Pulling together all the disciplines and business partners is a key challenge with developing any high technology product. According to Lavignolle, the design environment plays a fundamental role. "It's very important because one of the secrets to innovation and collaboration is to be sure that you have the best tool in your hands. That makes you competitive. You can reduce the design cycle and you enter a market with a great product."

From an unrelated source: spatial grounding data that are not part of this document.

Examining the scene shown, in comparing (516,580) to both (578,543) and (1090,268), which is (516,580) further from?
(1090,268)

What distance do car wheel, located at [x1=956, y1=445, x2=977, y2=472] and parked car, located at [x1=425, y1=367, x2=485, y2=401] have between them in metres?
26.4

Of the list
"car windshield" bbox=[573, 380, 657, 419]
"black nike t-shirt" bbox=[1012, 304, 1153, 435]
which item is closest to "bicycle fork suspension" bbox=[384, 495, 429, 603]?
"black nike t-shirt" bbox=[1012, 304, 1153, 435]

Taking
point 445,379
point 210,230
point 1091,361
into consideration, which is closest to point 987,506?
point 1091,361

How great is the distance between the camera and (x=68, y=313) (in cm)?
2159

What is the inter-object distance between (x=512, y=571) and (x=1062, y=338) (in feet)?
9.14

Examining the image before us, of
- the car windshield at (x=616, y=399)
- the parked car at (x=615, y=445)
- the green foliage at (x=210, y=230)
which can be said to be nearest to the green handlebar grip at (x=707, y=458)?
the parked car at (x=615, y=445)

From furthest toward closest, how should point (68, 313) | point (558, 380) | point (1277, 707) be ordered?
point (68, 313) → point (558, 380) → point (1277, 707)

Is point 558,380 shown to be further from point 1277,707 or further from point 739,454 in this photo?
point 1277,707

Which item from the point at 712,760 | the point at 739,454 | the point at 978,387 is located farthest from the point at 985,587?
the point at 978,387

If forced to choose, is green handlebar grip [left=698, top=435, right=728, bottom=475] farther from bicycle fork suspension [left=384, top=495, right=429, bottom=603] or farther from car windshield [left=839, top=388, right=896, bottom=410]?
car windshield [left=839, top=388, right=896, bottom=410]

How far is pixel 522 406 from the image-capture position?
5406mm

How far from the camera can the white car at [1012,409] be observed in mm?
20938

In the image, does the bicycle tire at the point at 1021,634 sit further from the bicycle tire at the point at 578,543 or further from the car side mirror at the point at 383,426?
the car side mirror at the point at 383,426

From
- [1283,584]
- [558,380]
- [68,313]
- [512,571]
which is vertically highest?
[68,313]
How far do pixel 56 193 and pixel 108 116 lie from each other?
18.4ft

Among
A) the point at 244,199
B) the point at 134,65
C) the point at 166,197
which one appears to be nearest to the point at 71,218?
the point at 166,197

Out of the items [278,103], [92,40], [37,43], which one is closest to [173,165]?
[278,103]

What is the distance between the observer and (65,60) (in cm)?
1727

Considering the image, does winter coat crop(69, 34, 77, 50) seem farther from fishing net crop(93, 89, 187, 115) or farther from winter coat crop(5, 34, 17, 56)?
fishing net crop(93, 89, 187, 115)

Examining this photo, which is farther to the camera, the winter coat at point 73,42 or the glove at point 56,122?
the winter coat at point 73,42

"If you have the right tools and you are effective with them, you enter the market very quickly," Davy concluded, "and you have the maximum chance to be successful."
Author profiles:
Christophe Rouaud is SpaceWire Technical Manager, Matthieu Salanave is an electronics designer with Skylab Industries.
SpaceWire key features
SpaceWire uses data strobe encoding, in which a serial data signal and a strobe signal are sent on two differential pairs. The strobe signal is defined so that clock recovery is achieved by simply XORing the data and strobe signal. No phase locked loop is required and the use of LVDS for the physical level allows complete SpaceWire devices, LVDS drivers and receivers to be implemented on one chip.
SpaceWire interfaces can be implemented in less than 8000 logic gates, small enough for one or more SpaceWire interfaces to be included with application logic or an mcu on one chip.
There is no restriction on the topology of a SpaceWire network. A network is constructed from point to point links and routing switches. When more than one link connects a pair of routing switches, group adaptive routing can be used to share the bandwidth of the links or to provide for fault tolerance, with rapid recovery from a link failure.